• _YOUR INSTRUCTIONS_
Only one stretch of the data below is needed. Output the lines from the one with "Kwiaty ceramiczne Flower" up to and including the one with "film aesthetic. Grove", exactly as they stand.

• _DATA FOR THIS TASK_
☆ ☆ ☆ ☆ ☆

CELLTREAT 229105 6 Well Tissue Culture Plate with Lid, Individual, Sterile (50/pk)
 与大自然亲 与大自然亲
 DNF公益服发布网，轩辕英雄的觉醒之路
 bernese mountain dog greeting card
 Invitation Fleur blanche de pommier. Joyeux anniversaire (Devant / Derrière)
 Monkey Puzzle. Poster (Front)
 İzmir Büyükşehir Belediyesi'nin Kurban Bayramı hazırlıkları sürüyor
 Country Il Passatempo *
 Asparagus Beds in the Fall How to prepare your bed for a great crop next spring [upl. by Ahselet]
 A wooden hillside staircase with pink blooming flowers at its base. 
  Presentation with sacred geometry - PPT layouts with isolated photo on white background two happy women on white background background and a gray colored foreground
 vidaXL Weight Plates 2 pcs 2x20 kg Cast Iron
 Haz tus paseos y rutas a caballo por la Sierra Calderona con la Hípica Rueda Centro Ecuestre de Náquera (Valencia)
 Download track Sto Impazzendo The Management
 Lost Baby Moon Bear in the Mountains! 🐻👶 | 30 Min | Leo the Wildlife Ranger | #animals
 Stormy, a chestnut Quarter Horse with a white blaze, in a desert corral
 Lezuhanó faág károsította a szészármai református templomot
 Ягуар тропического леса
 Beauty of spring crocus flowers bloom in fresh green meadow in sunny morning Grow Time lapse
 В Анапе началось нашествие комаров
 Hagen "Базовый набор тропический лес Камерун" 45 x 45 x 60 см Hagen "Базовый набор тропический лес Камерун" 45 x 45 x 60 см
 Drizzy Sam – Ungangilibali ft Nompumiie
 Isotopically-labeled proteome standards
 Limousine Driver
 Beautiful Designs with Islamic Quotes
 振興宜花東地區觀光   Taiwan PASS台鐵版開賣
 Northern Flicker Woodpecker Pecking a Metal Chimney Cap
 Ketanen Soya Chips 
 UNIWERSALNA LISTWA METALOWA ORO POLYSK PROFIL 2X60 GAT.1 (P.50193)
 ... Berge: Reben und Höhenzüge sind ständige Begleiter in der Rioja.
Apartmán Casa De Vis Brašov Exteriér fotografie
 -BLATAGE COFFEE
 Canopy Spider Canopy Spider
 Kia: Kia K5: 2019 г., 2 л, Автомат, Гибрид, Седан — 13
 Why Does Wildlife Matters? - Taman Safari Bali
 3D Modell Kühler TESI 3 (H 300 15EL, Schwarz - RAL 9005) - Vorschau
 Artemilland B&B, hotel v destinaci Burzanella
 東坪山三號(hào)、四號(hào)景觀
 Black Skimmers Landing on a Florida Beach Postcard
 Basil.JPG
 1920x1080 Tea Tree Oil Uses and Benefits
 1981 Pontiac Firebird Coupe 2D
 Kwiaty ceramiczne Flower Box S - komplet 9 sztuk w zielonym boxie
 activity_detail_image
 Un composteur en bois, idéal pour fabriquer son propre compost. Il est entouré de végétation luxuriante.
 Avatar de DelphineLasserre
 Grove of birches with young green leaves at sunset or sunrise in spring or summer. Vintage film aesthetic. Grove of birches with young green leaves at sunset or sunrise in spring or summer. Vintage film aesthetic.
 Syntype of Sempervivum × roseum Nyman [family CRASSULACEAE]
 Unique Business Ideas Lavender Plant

☆ ☆ ☆ ☆ ☆

• _OUTPUT BELOW_
 Kwiaty ceramiczne Flower Box S - komplet 9 sztuk w zielonym boxie
 activity_detail_image
 Un composteur en bois, idéal pour fabriquer son propre compost. Il est entouré de végétation luxuriante.
 Avatar de DelphineLasserre
 Grove of birches with young green leaves at sunset or sunrise in spring or summer. Vintage film aesthetic. Grove of birches with young green leaves at sunset or sunrise in spring or summer. Vintage film aesthetic.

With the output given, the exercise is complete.